# GTO Anti-Theft/Remote start?



## PnYeaTr (Aug 24, 2009)

Im trying to install a new remote starter in my 04a4. Does The gto have a passlock 1 or 2 system? Or any Fuel system/ignition cylinder related security? I'm assuming we dont have the VATS system since theres no pill shaped transistor in our keys. Wiring diagrams of the ignition would be greatly appriciated. thanks!


----------



## Rukee (Feb 8, 2007)

If the system your installing is a "BullyDog" remote starter system I wouldn't even waiste my time putting it in. They are junk and if you do happen to get it working, it won't work for long. There support is also non existant.
I get my remote starter systems from a company in canada and am suprised they don't have anything for the new GTO.


----------



## PnYeaTr (Aug 24, 2009)

Haha thanks for the advice but its to late, it is a bullydog and I just finished putting it in and it works fine. But hopefully it'll last! I got it for free so why not lol.


----------



## Rukee (Feb 8, 2007)

I put one in the wife's car it lasted 2 weeks. GLHF.
The problem with them (or one of the problems) is it has you cut the wires for the ignition and starter and wire in their box between. When the box fails (and it will!!) you now have the ignition and starter wires 'cut' so you can't drive the car.
These new remote starter units I'm installing only tie into the wires, you don't cut anything so if the unit ever fails you can still start and drive the car.


----------



## PnYeaTr (Aug 24, 2009)

Well I guess I'll see what happens! I didn't actually cut any of the wires, I always just cut some of the sleeve away and wrap the attaching wire around it.
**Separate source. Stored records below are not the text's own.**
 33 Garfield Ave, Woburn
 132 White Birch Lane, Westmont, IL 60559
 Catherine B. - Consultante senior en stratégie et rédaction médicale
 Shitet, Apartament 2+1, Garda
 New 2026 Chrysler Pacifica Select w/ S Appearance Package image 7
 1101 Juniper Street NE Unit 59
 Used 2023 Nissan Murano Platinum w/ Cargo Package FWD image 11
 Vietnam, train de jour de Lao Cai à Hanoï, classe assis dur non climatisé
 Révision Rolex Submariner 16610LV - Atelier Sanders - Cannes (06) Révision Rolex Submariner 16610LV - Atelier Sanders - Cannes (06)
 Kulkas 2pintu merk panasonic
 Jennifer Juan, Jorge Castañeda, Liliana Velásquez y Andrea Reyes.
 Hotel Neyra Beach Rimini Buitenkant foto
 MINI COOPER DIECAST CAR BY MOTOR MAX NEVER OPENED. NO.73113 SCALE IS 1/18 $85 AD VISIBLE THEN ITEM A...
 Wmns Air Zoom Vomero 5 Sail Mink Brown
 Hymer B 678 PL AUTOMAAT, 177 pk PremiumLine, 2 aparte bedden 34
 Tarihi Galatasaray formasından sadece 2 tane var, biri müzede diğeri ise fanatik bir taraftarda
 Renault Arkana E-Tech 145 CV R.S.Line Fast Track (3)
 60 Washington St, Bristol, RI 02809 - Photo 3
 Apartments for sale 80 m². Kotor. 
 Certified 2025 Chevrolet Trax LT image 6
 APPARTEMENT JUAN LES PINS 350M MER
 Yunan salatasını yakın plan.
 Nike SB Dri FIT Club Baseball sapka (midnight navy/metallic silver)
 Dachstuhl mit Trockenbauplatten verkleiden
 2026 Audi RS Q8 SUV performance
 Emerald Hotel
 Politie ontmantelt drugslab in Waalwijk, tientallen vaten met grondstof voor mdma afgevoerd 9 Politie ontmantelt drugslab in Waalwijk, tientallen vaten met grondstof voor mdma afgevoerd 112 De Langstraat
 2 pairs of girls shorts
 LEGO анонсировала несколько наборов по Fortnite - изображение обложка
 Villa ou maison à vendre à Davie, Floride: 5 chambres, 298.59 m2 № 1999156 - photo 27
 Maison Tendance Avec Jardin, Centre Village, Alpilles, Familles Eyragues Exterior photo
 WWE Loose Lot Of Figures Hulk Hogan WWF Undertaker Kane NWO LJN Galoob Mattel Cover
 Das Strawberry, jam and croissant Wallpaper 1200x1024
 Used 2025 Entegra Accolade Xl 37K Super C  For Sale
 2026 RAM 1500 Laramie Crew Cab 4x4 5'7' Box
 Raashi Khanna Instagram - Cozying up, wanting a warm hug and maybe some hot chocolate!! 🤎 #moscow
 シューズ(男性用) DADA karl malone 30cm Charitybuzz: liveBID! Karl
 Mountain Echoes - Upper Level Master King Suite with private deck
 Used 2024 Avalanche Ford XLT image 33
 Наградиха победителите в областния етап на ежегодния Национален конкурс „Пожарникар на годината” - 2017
Oh well, I got it for free so if it ishts the bed I won't really of lost anything. The alarm went off earlier so I have to mess with a couple more wires. What is the newer brand your speaking of that your having good luck with? Maybe I'll give it a try if/when the bullydog fails. Course both of my batteries are dying in my keyless entry keys so thats part of this project as well:/


----------



## Rukee (Feb 8, 2007)

BypassKit.com - Direct source for Bypass Kit and databus interface solutions: No Key Required


Like I said though, they don't offer anything for the new GTOs.


----------



## PnYeaTr (Aug 24, 2009)

Yea that sucks, they look like great systems. You wouldnt happen to know how the stupid bulldogs work with the newer gto's security system would you? Right now i have it wired up so the only way the remote start will work is if i use my factory key to unlock/disarm the car first. I was just messin with it and now i can press the remote start key and it unlocks my doors and will start the car, but the alarm goes off. Do you have any wiring diagrams that'd be useful?


----------



## Rukee (Feb 8, 2007)

the bypasskit.com units use an immobilizer module along with the remote start unit to bypass the car's security system. When you install them you use a car key to 'program' the immobilizer to remember what the key's electrical code is and then reproduces that signal to the computer when the remote starter unit is used. I would imagine you need something of the same unit to make the bullydog system work.
Go to that link, go to products at the top, click GM Interface Kits, you can see the different GM immobilizers.


----------